The process of reducing the temperature over time is called the cooling schedule. A common cooling schedule is to multiply the temperature by a factor, such as $T = T * α$ , where $0 < α < 1$ , where $α$ is a constant typically between 0.8 and 0.99.
The choice of α\alphaα affects the convergence speed and exploration. A high $α$ (close to 1) leads to slower cooling, allowing more exploration, while a low $α$ (e.g., 0.8) cools the temperature rapidly, reducing the acceptance of worse solutions quickly.

4. Stopping Criteria:

The algorithm usually stops when the temperature reaches a minimal threshold, or after a certain number of iterations, indicating that the search is now focused and the solution is likely near optimal.

How It Works:

Start with an Initial Solution: Begin with an initial state and a high temperature.
Generate Neighbor: Generate a neighboring state.
Evaluate:
- If the neighbor is better, move to the neighbor.
- If the neighbor is worse, move to the neighbor with a probability based on the difference in evaluation and the current temperature.
Update Temperature: Reduce the temperature according to the cooling schedule.
Repeat: Continue until a stopping criterion is met, such as a minimal temperature or a certain number of iterations.
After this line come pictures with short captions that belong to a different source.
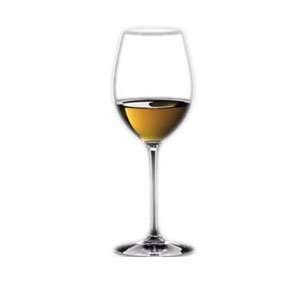   Riedel Vinum Sauvignon Blanc/Dessert Wine (Set of 8)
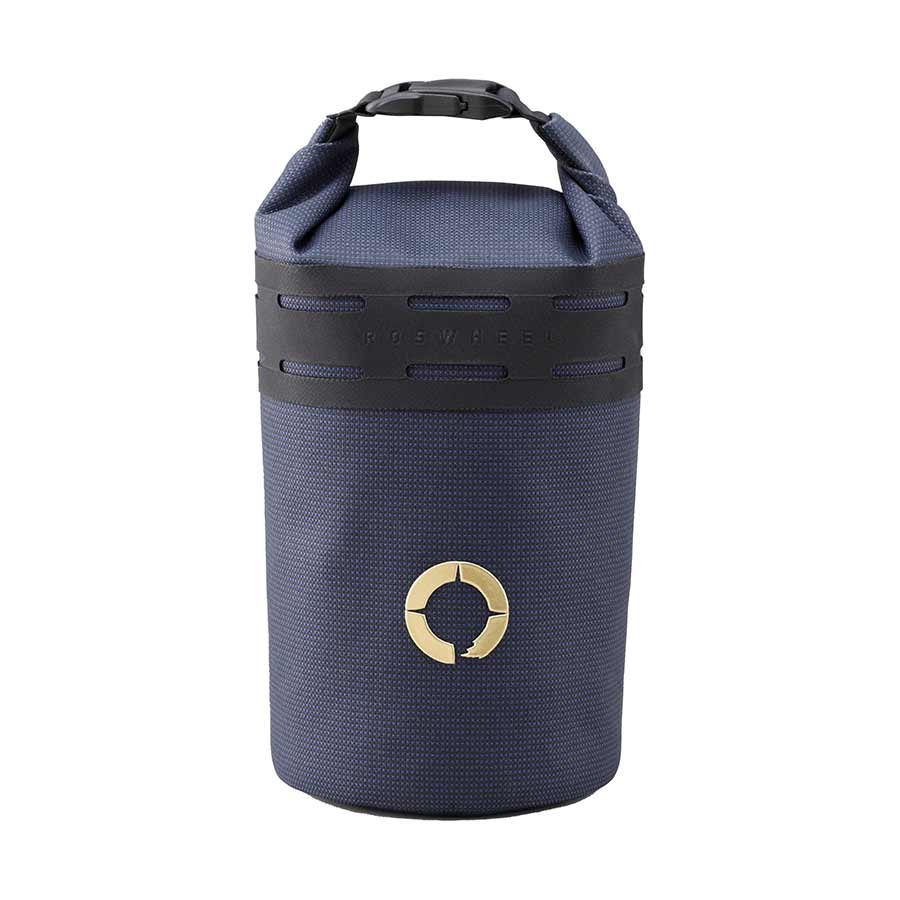 Roswheel Off-Road Bottle Pouch Bag 1L Blue-Goodwynn'sGoodwynn's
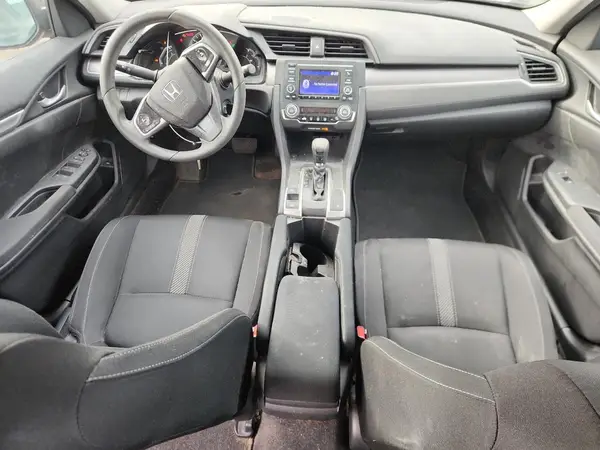 19XFC2F54HE228165 2017 HONDA CIVIC - Image 8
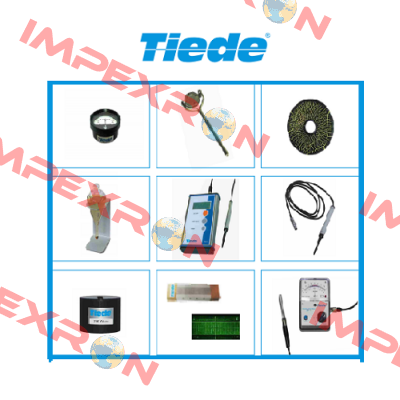HAND MAGNET TWM 42 A / 42V SWITCH WITH INTERCHANGEABLE Magnaflux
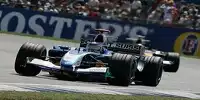 Bild zum Inhalt: Villeneuve: Hochs und Tiefs in Silverstone
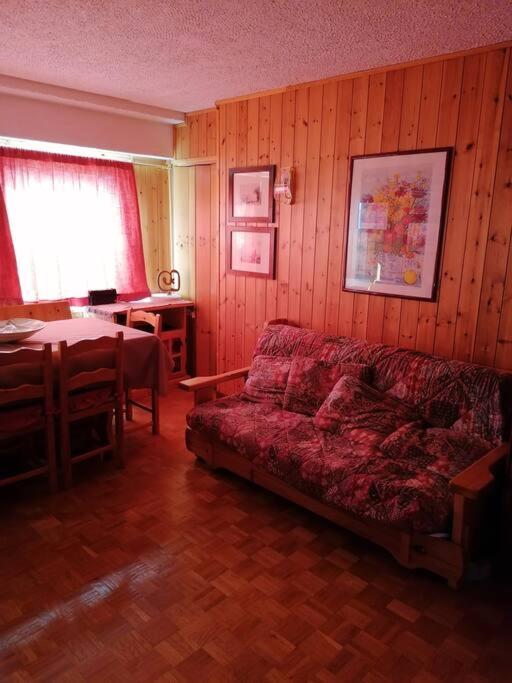 Appartamento Passo Del Tonale Zewnętrze zdjęcie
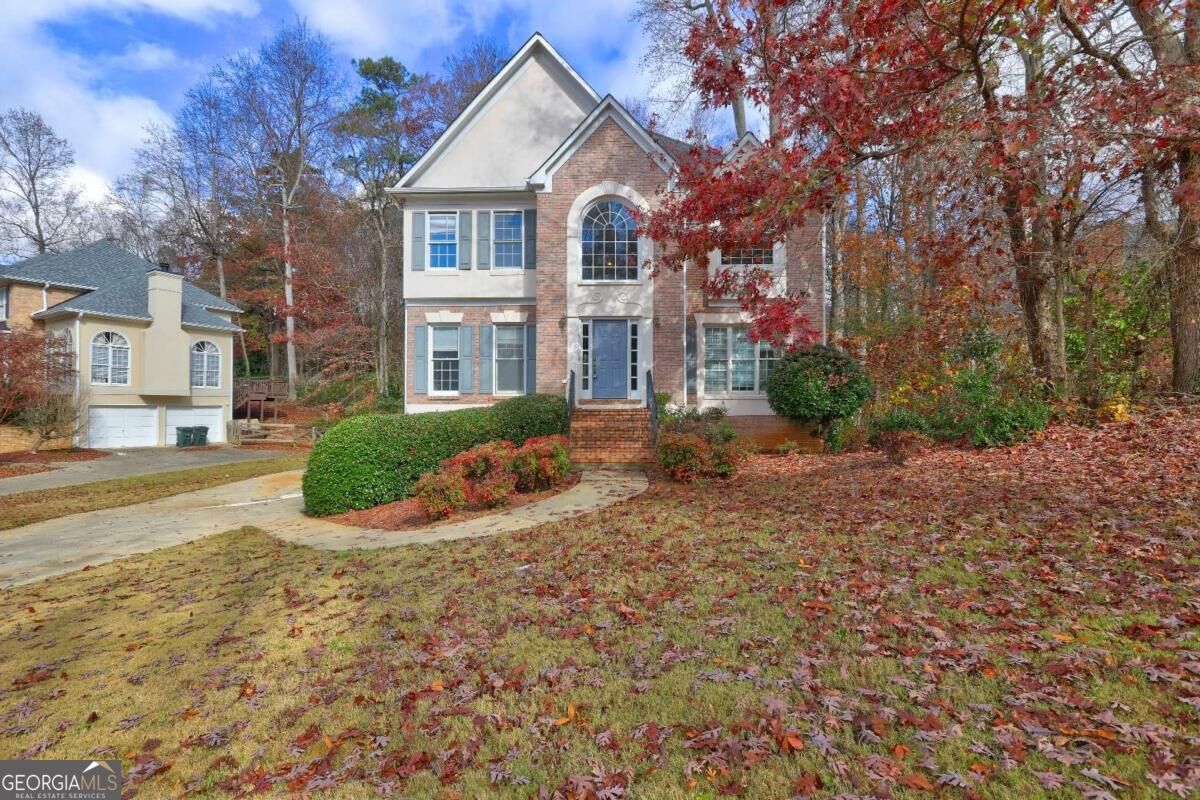 980 Laurel Springs Lane Sw Property Photo 2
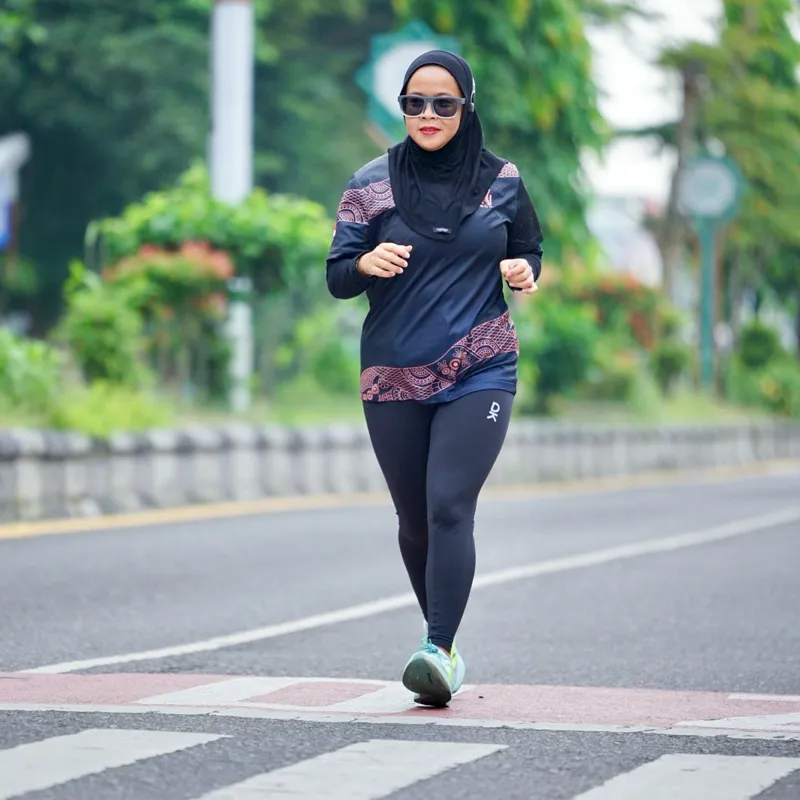 Nita Yulianti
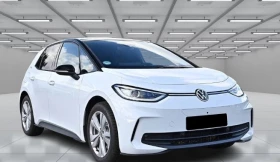 VW ID.3 58 kWh = Pro = Goal Гаранция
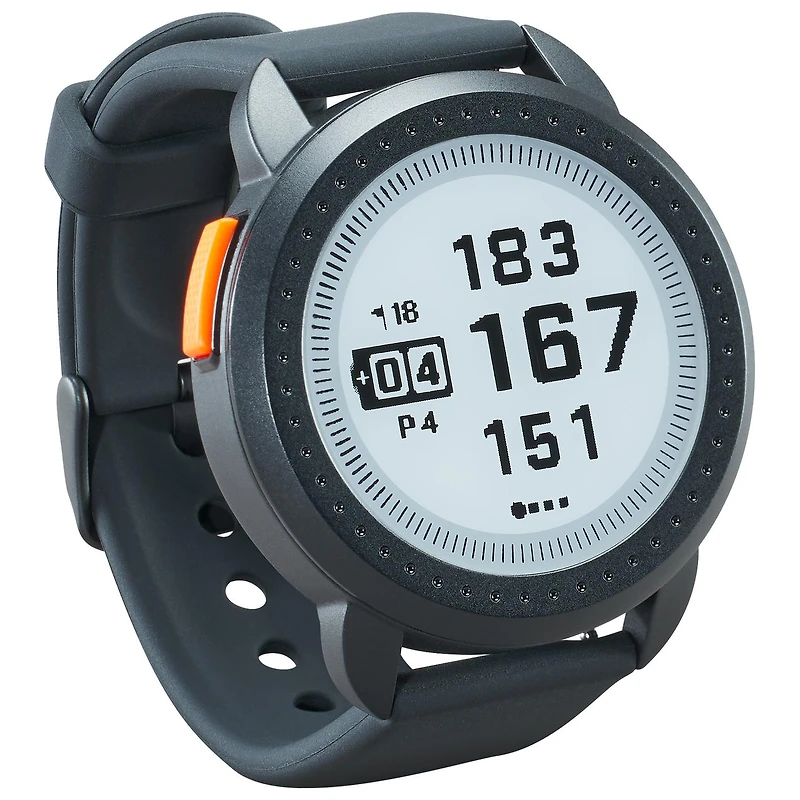 iON Edge GPS Watch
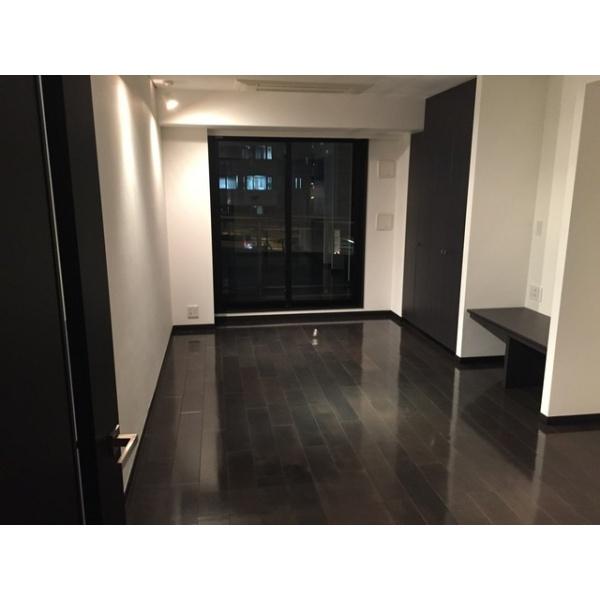 渋谷区千駄ヶ谷４丁目のマンション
Temperature’s Role in Iterations

Early Iterations:
- High $T$ : The algorithm accepts worse solutions frequently, avoiding getting trapped in local minima early in the search. It performs a more global exploration of the solution space.
Middle Iterations:
- Moderate $T$ : The acceptance probability decreases, and the algorithm becomes more selective. It still explores but with a tendency to settle into more favorable regions.
Late Iterations:
- Low $T$ : The algorithm behaves more like a greedy hill-climbing search, primarily accepting improvements or only very slight deteriorations. The search focuses on fine-tuning the current best solution.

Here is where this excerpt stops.